■ REQUIRED WORK
From the listing below, give again exactly the lines from the line with "Rock Falls’ Zoey" to the line with "Grå hoodie från", ends included, without any pictures.

■ DATA FOR THE TASK
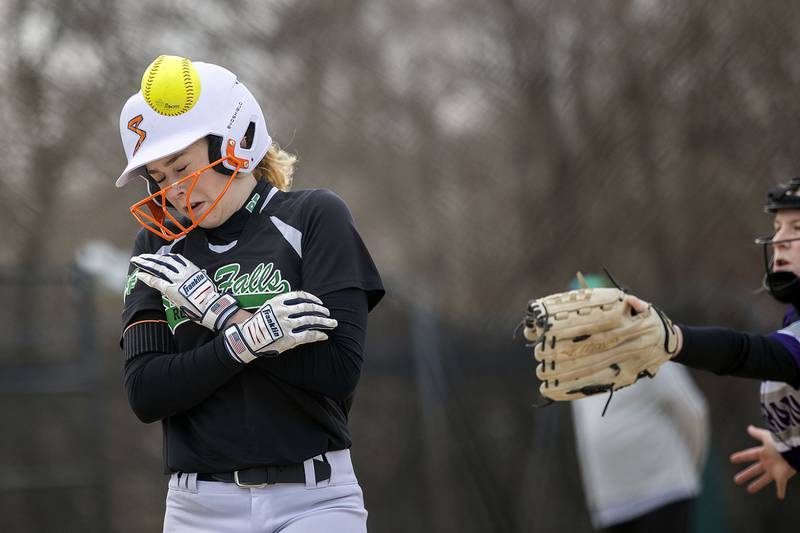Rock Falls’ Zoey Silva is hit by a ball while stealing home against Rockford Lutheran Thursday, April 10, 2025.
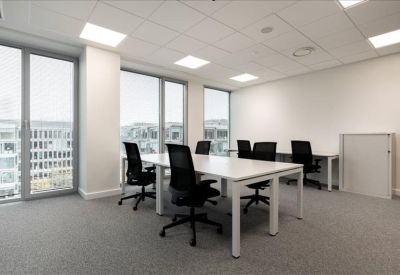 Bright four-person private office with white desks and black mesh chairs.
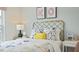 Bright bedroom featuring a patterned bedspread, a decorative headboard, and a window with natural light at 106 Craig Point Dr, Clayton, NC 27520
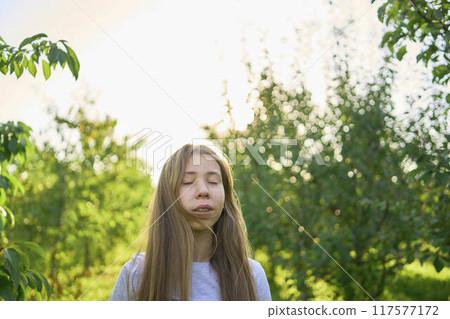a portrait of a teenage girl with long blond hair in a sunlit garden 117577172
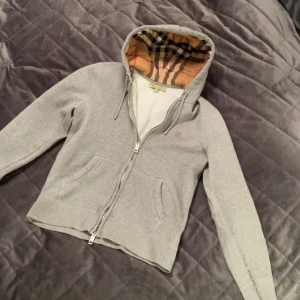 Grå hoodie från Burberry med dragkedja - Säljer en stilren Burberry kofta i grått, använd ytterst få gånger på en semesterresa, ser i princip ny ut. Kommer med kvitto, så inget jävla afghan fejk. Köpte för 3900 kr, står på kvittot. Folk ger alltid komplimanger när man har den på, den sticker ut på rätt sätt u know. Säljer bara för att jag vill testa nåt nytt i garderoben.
...
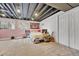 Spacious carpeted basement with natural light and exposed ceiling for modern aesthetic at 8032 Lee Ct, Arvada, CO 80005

■ RESULT
Rock Falls’ Zoey Silva is hit by a ball while stealing home against Rockford Lutheran Thursday, April 10, 2025.
 Bright four-person private office with white desks and black mesh chairs.
 Bright bedroom featuring a patterned bedspread, a decorative headboard, and a window with natural light at 106 Craig Point Dr, Clayton, NC 27520
a portrait of a teenage girl with long blond hair in a sunlit garden 117577172
 Grå hoodie från Burberry med dragkedja - Säljer en stilren Burberry kofta i grått, använd ytterst få gånger på en semesterresa, ser i princip ny ut. Kommer med kvitto, så inget jävla afghan fejk. Köpte för 3900 kr, står på kvittot. Folk ger alltid komplimanger när man har den på, den sticker ut på rätt sätt u know. Säljer bara för att jag vill testa nåt nytt i garderoben.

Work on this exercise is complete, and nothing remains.